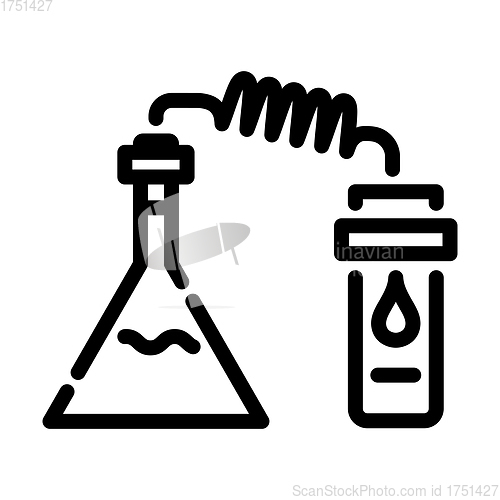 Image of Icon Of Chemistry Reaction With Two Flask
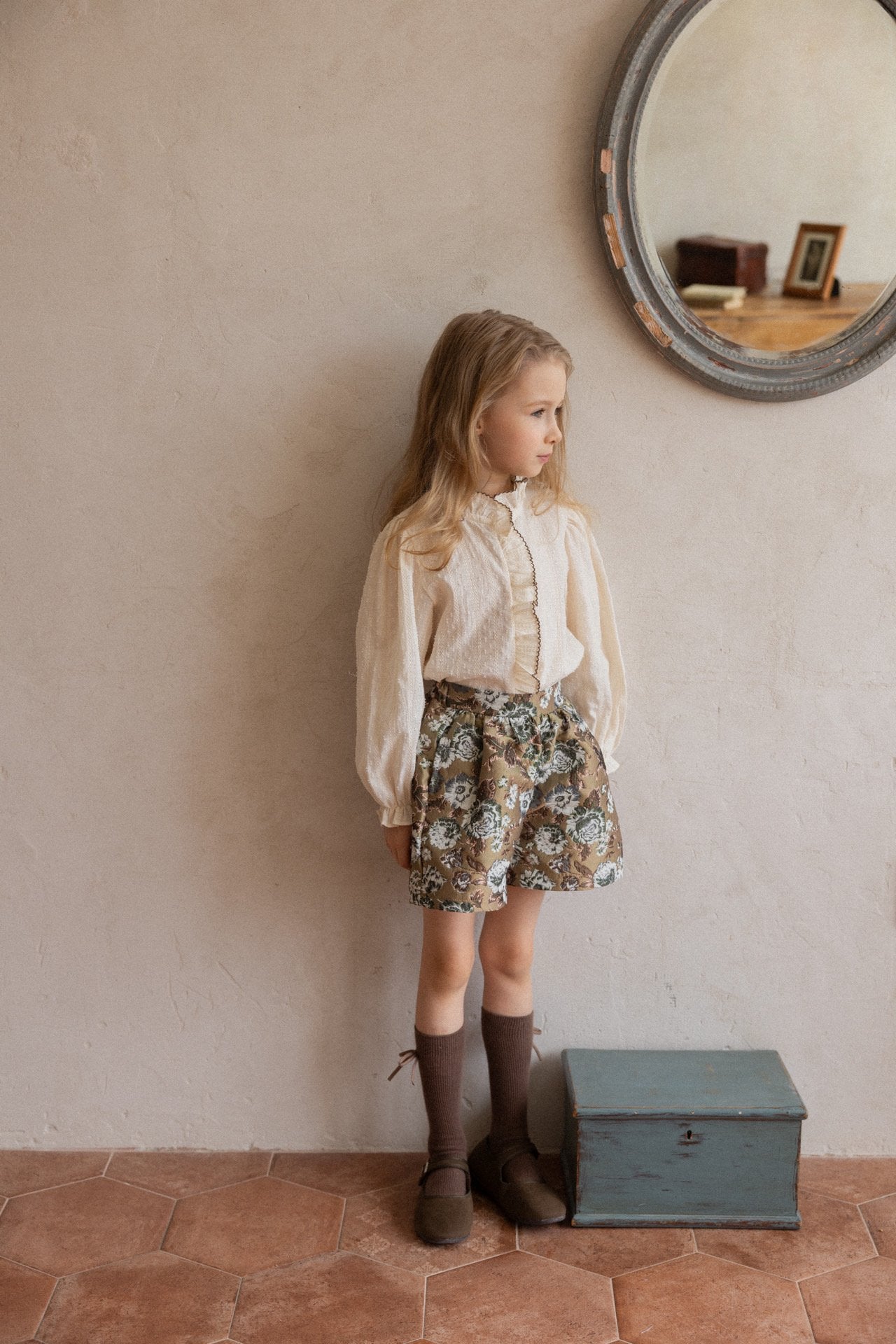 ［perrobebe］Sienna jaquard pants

--

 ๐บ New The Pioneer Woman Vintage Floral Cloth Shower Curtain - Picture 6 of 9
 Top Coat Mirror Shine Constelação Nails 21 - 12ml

* * *

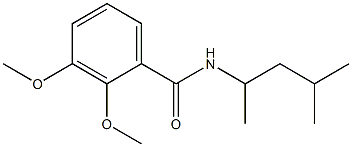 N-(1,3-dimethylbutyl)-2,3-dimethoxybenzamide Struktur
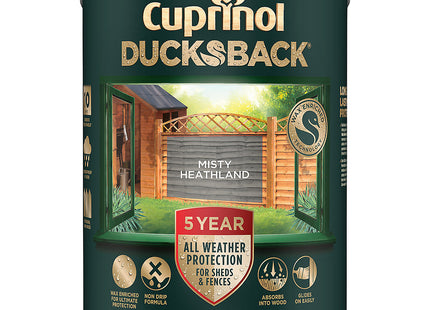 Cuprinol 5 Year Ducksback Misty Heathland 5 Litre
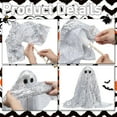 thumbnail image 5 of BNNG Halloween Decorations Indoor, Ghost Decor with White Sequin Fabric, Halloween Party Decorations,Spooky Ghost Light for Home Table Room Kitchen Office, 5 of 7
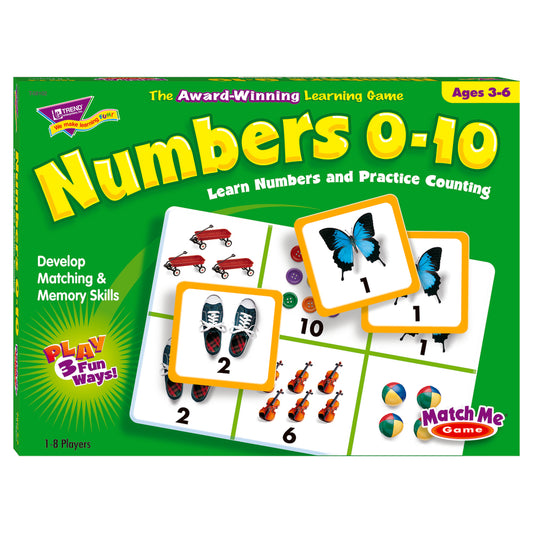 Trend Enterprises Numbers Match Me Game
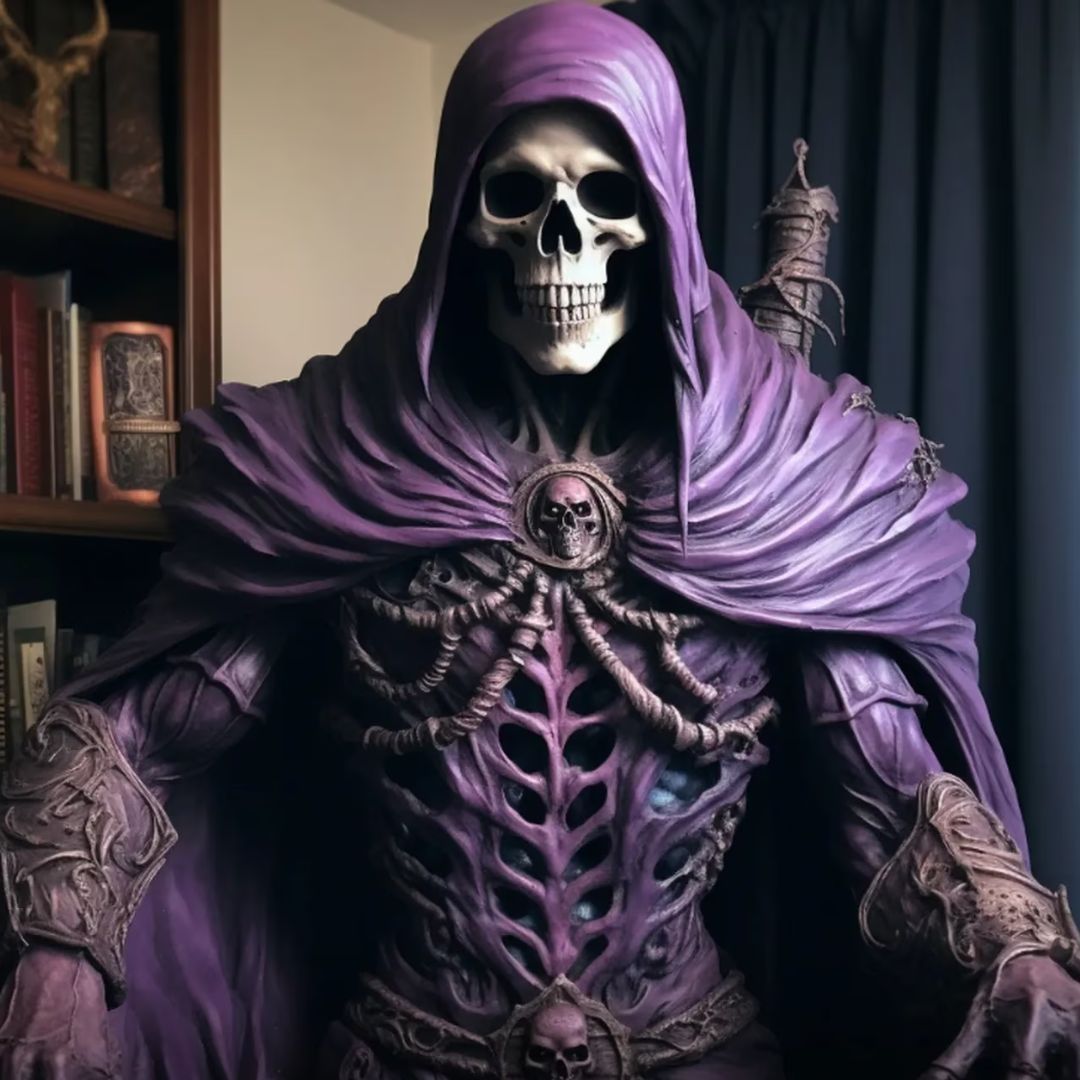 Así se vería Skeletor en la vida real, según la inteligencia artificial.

EXERCISE. Beginning with the line above that contains "N-(1,3-dimethylbutyl)-2,3-dimethoxybenzamide Struktur" and finishing with the line that contains "Así se vería", print those lines exactly and only. Skip all pictures.

REPLY TO THE EXERCISE.
 N-(1,3-dimethylbutyl)-2,3-dimethoxybenzamide Struktur
 Cuprinol 5 Year Ducksback Misty Heathland 5 Litre
 thumbnail image 5 of BNNG Halloween Decorations Indoor, Ghost Decor with White Sequin Fabric, Halloween Party Decorations,Spooky Ghost Light for Home Table Room Kitchen Office, 5 of 7
 Trend Enterprises Numbers Match Me Game
 Así se vería Skeletor en la vida real, según la inteligencia artificial.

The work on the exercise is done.